The SPG was in the normality range in every subject. There was clear evidence of a higher SPG in the COVID group: the minimum threshold was obtained with 2.36 or 2.44 filaments, and only two patients had a threshold of 1.65, which was present only on the dorsum of the hand. The comparison between groups was performed with Pearson's chi-square or Fisher's exact tests as appropriate for each region and side tested; the significance was set with a p-value of 0.05. Bold values represent statistical significance.

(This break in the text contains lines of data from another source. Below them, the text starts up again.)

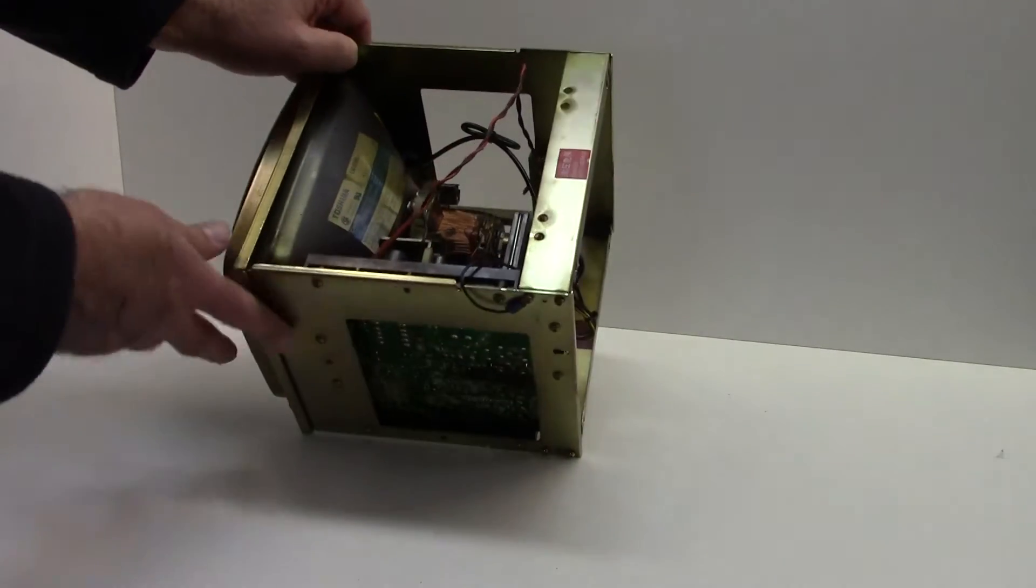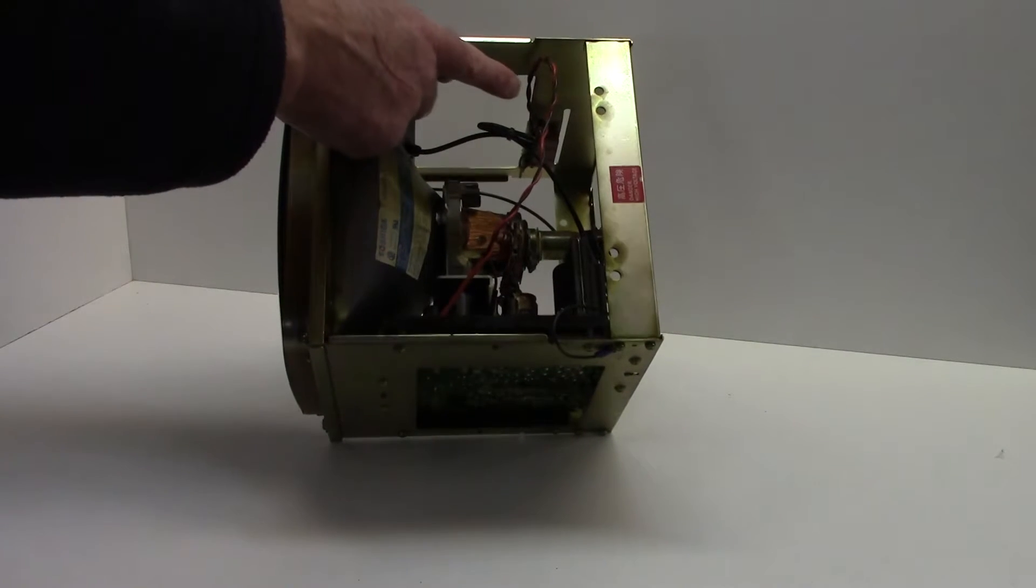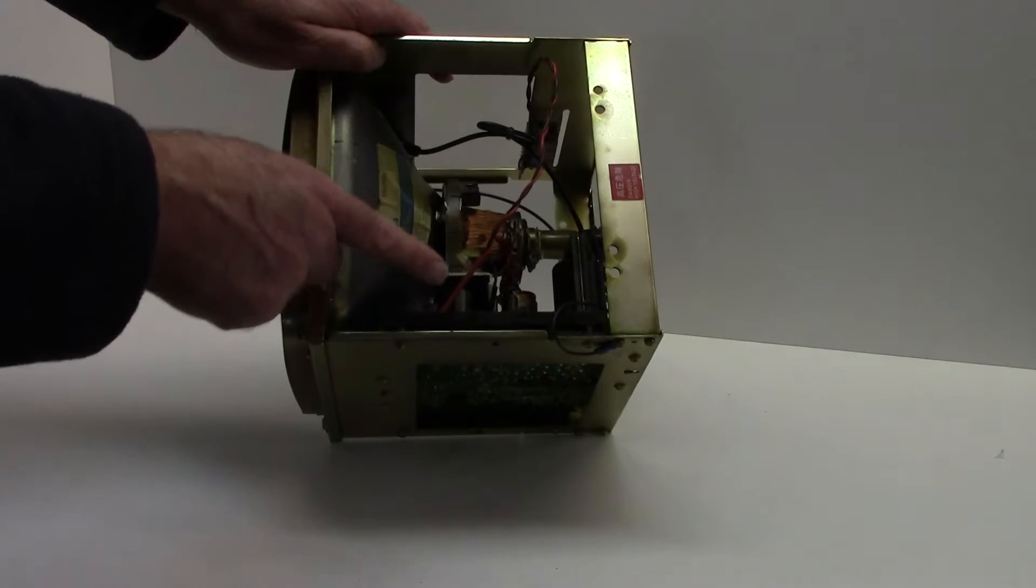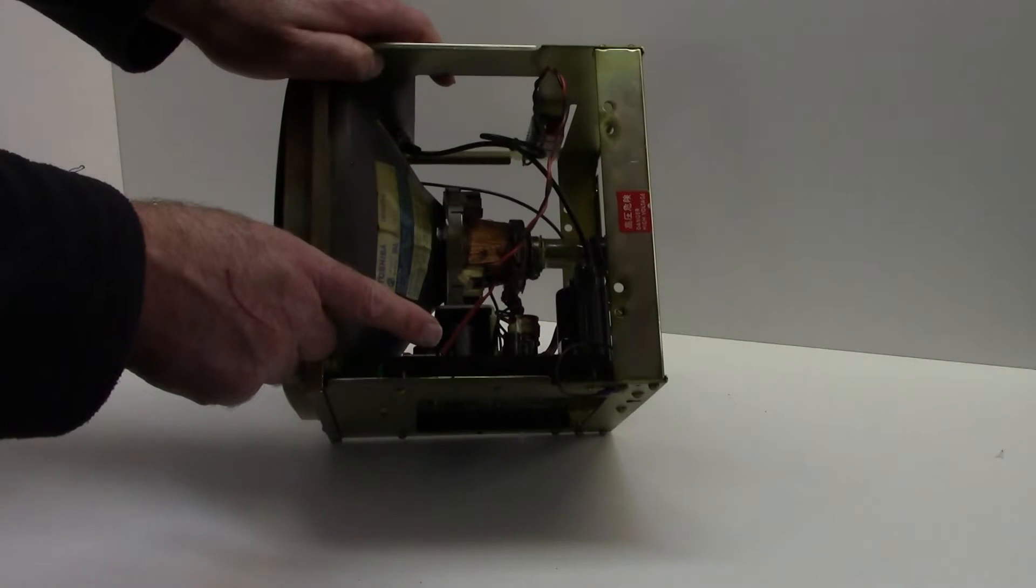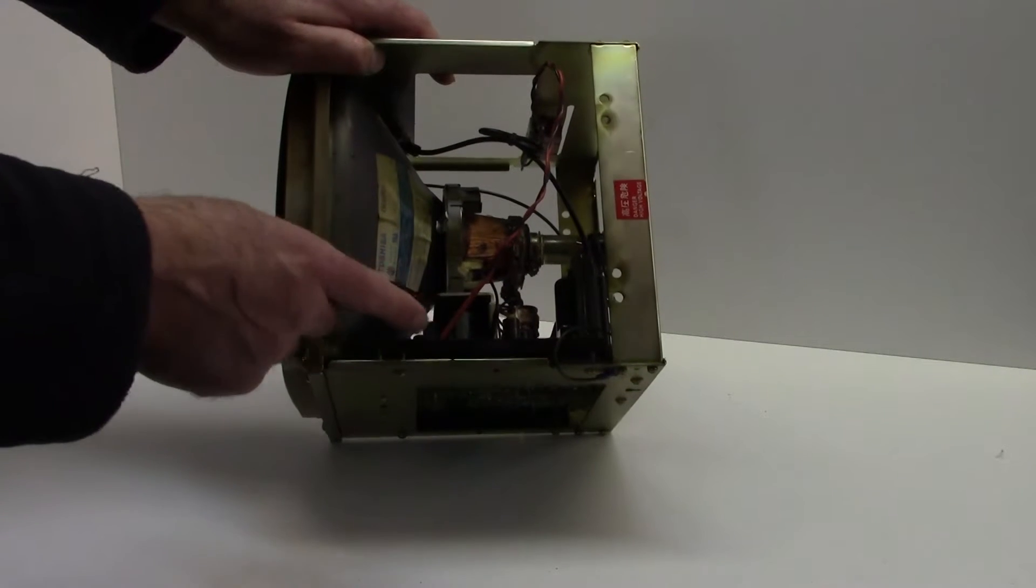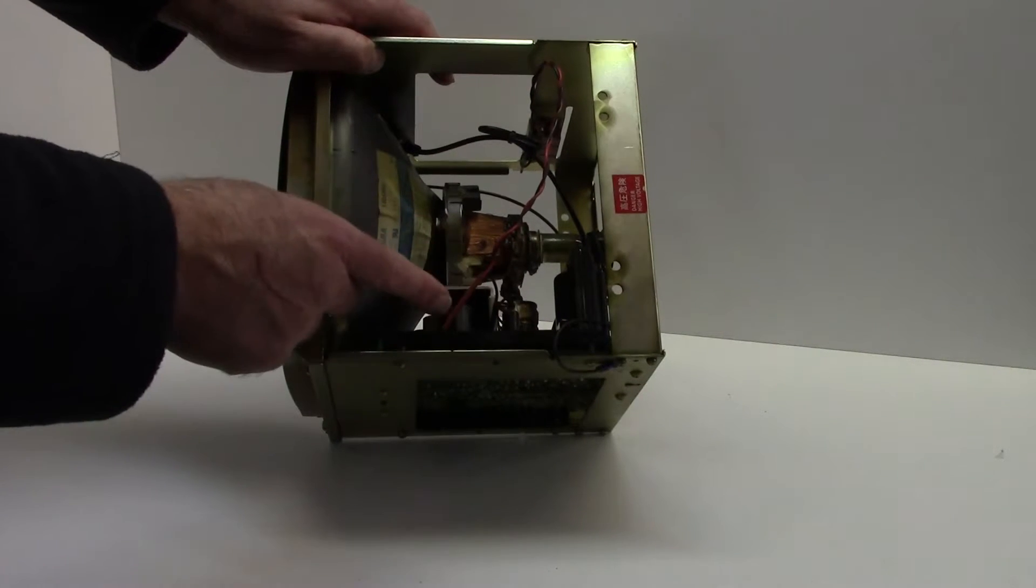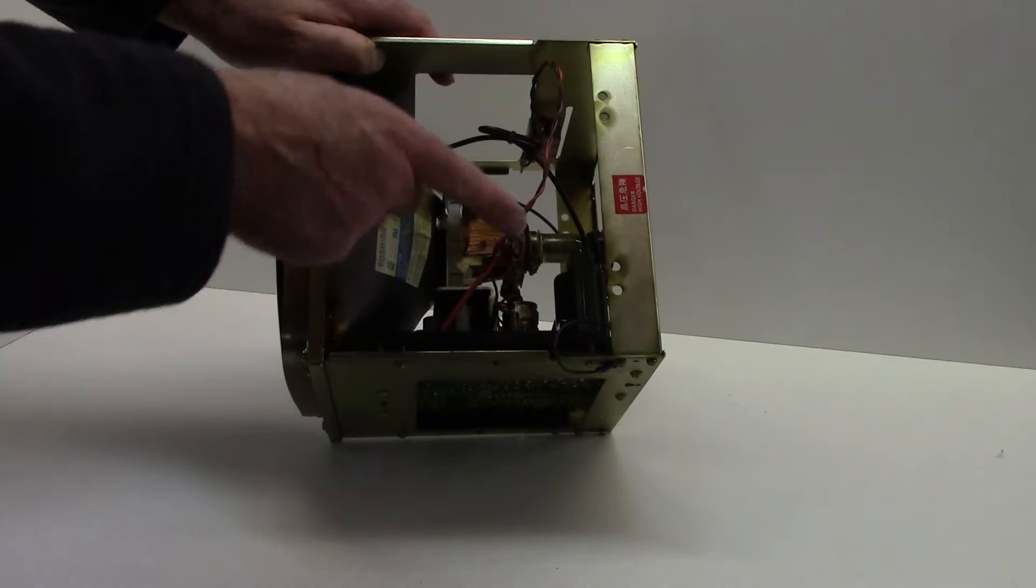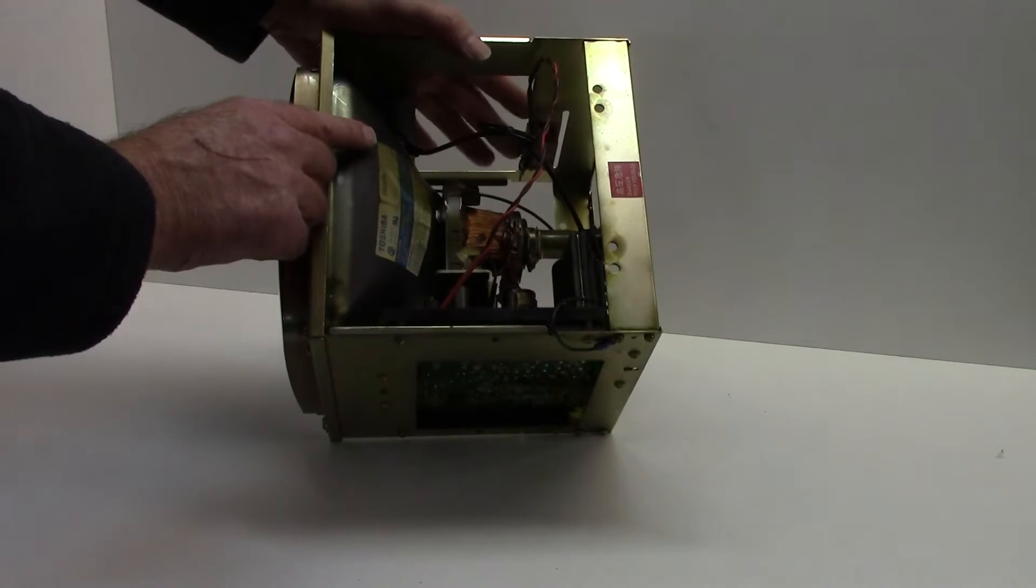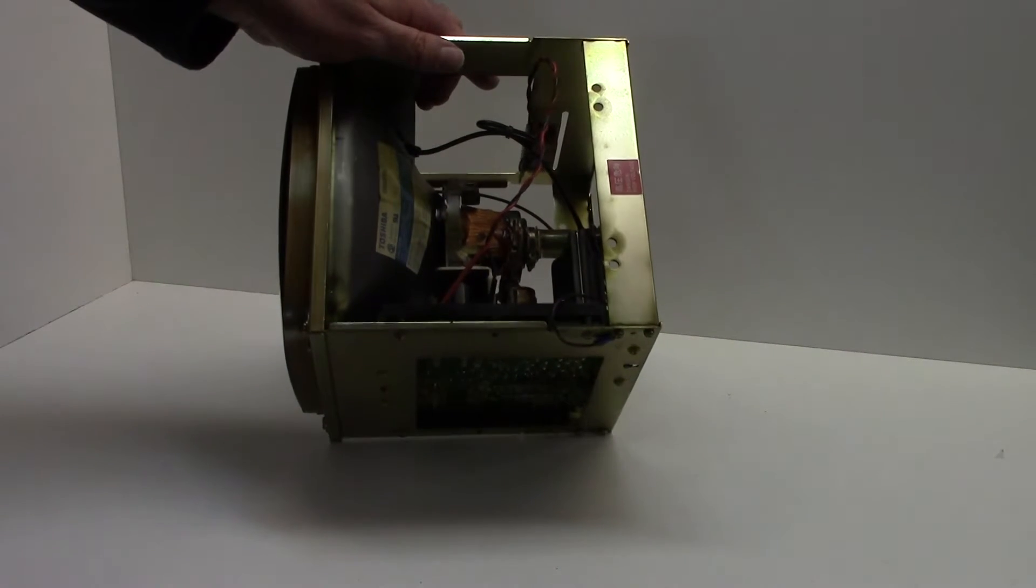And then follow the red and black wires which go to the main board inside the CRT and just cut the wires here. We're going to reuse the cable and the DC connector.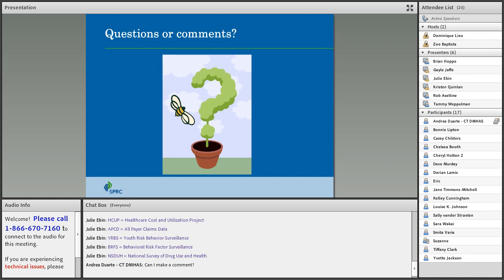Feel free to chat in if you are doing that. We are going to be doing questions or comments, but before we do that, let's go to a quick poll, and then I did want to come back to something that Chelsea from SAMHSA had mentioned in the chat box.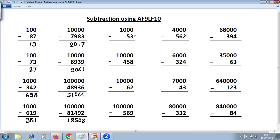Now here there are three zeros but only two digits. You can convert it to the same problem by just putting a 0. So now three digits, three zeros. Then use the normal All From 9, Last From 10. 9 minus 0 is 9. 9 minus 5 is 4. Last From 10: 10 minus 3 is 7. Here again, one zero is required. Then 9 minus 0 is 9. 9 minus 4 is 5. 9 minus 5 is 4.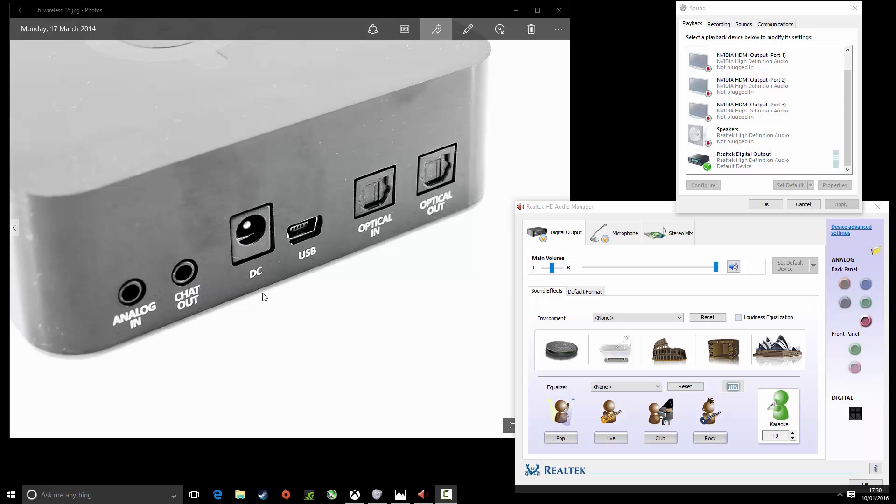It does mean you can't use live mix and chat mix, you can't use that but there's nothing you can do at this point until they update the drivers. This way you'll be able to use your microphone still. It does work because I'm actually using it at the moment.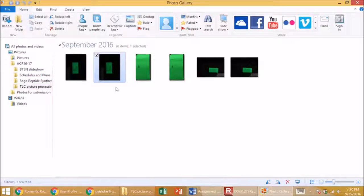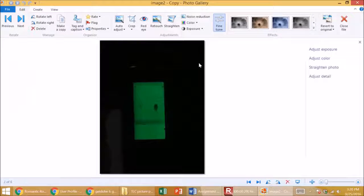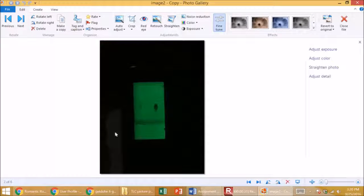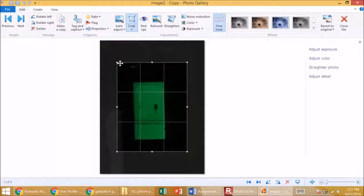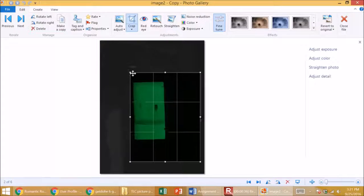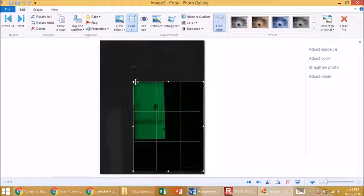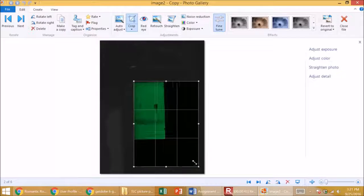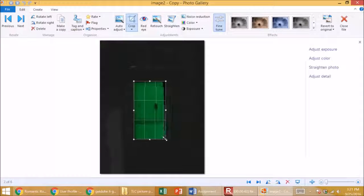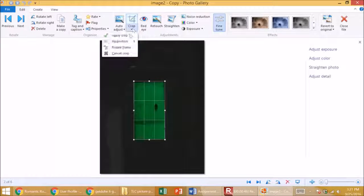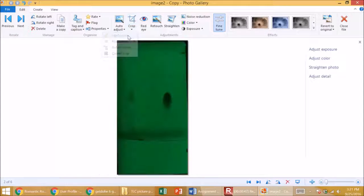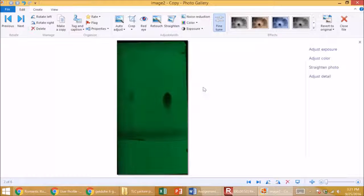The first thing I want to do is crop. There's way too much black here, so I'll crop it. All I want really is the TLC plate itself, not all the black. So there we go, I've set my outlines and I crop it. Now I've gotten rid of most of the junk. This TLC plate is upside down.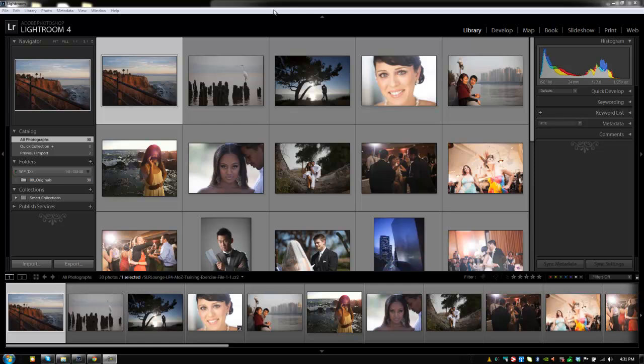Hey guys, this is Post-Production Pi with srlounge.com. This chapter is going to focus on setting up our preferences and settings, which is a crucial component to Lightroom. Not only is it going to help Lightroom run more efficiently, but it's also going to help you cater Lightroom's functionality to your workflow.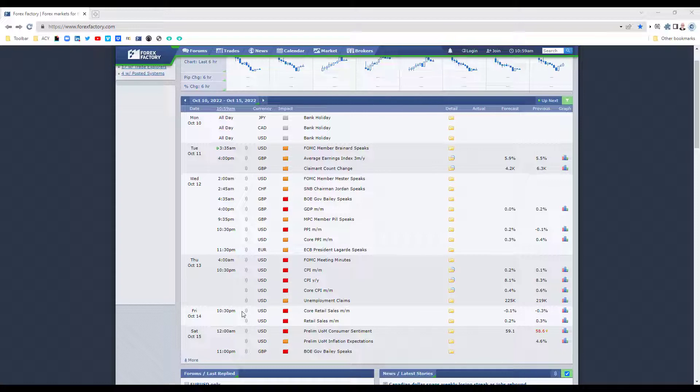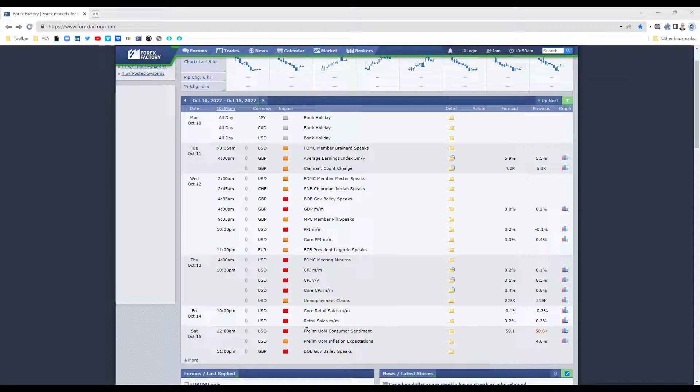Then on Friday for the US we've got core retail sales and retail sales. Moving into Saturday at midnight for the US we've got the preliminary UOM consumer sentiment. Okay traders, those are the key news releases for the week ahead. Make sure that you review them so that you can manage your trades effectively and have a great trading week ahead.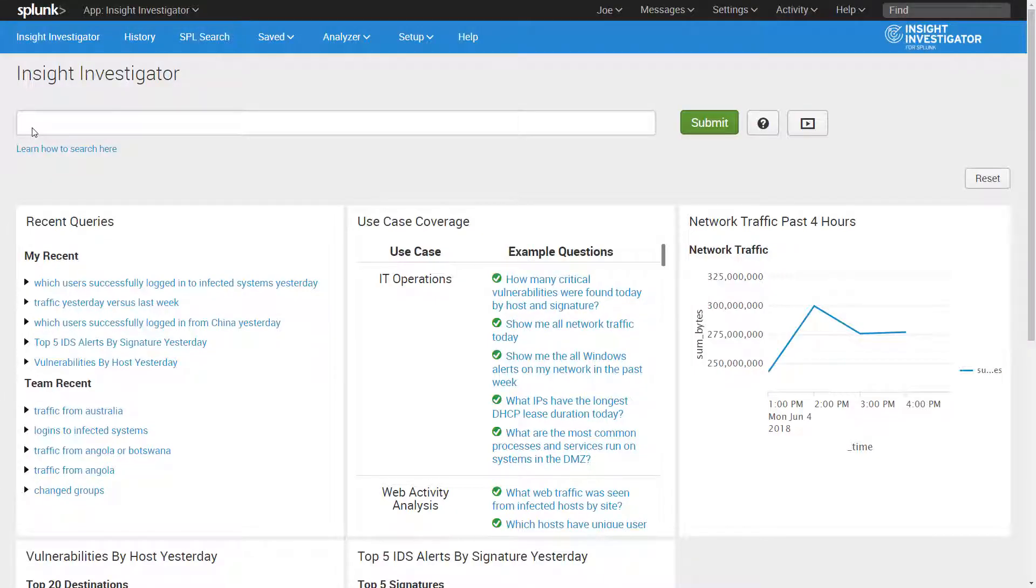Welcome to this demonstration of Insight Investigator for Splunk, or Insight Investigator. Insight Investigator allows cybersecurity professionals to use natural language search on data in Splunk to quickly investigate, visualize, and detect cyber threats.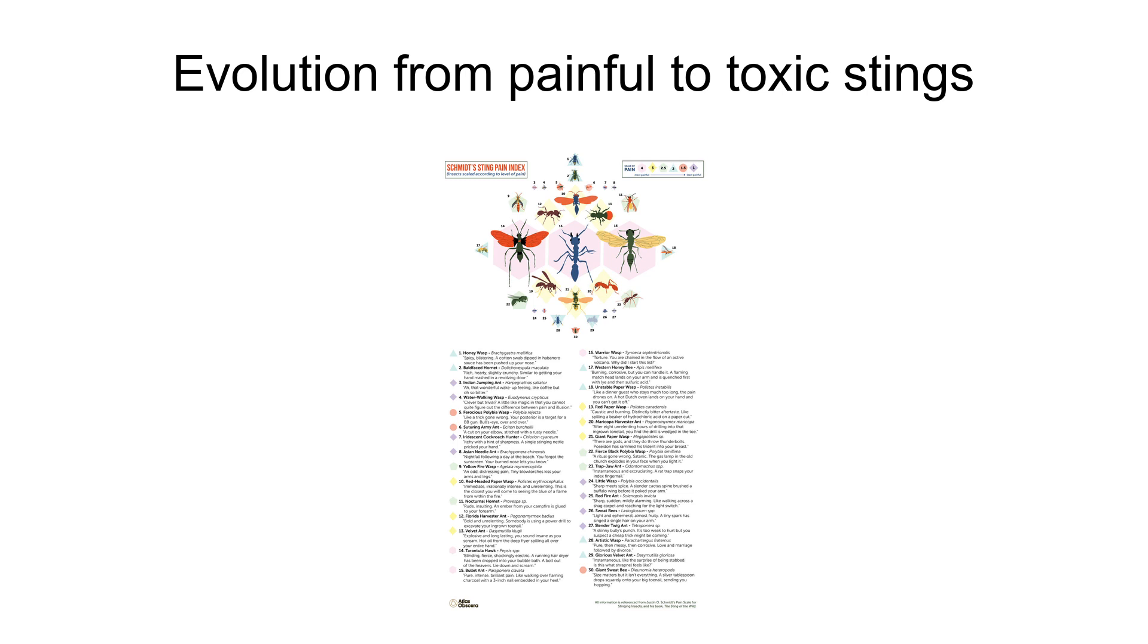In order for sociality to evolve, hymenoptera needed a defense beyond a painful sting to protect their whole colony. Their sting was an advertisement of damage, and toxicity evolved as its truth. With a toxic sting, and thus the ability to protect against predators, hymenoptera were able to progress towards sociality and its associated evolutionary benefits of the shared raising of youth, individual task specialization, inter-colony communication, and food storage.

The mean target force, in milligrams, needed to evoke the sensory response was also calculated for every district. The COVID group presented a significantly higher threshold in every site when compared with the control group (Table 3). We also calculated the mean force, in milligrams, needed to evoke a sensory response in the hands in both groups; this threshold was significantly lower in the control group than in the COVID group, as shown in Figure 2 [19 (11) vs. 27 (7) milligrams; p < 0.001].
Table 3
| COVID group | Control group | p | |
|---|---|---|---|
| Target force in mg (mean; SD) | Target force in mg (mean; SD) | ||
| I Finger left | 29 (10) | 20 (16) | <0.001 |
| I Finger right | 27 (10) | 24 (16) | 0.034 |
| II Finger left | 29 (10) | 20 (14) | <0.001 |
| II Finger right | 27 (10) | 21 (15) | <0.001 |
| V Finger left | 29 (10) | 18 (13) | <0.001 |
| V Finger right | 31 (14) | 21 (15) | <0.001 |
| Dorsum left | 20 (5) | 15 (15) | <0.001 |
| Dorsum right | 20 (5) | 15 (14) | <0.001 |
| Hypothenar left | 27 (10) | 19 (13) | <0.001 |
| Hipothenar right | 27 (10) | 21 (14) | <0.001 |
| Mean target force in all districts | 27 (7) | 19 (11) | <0.001 |
The median, in milligrams, of the force needed to evoke light touch sensory response in every district examined for both groups.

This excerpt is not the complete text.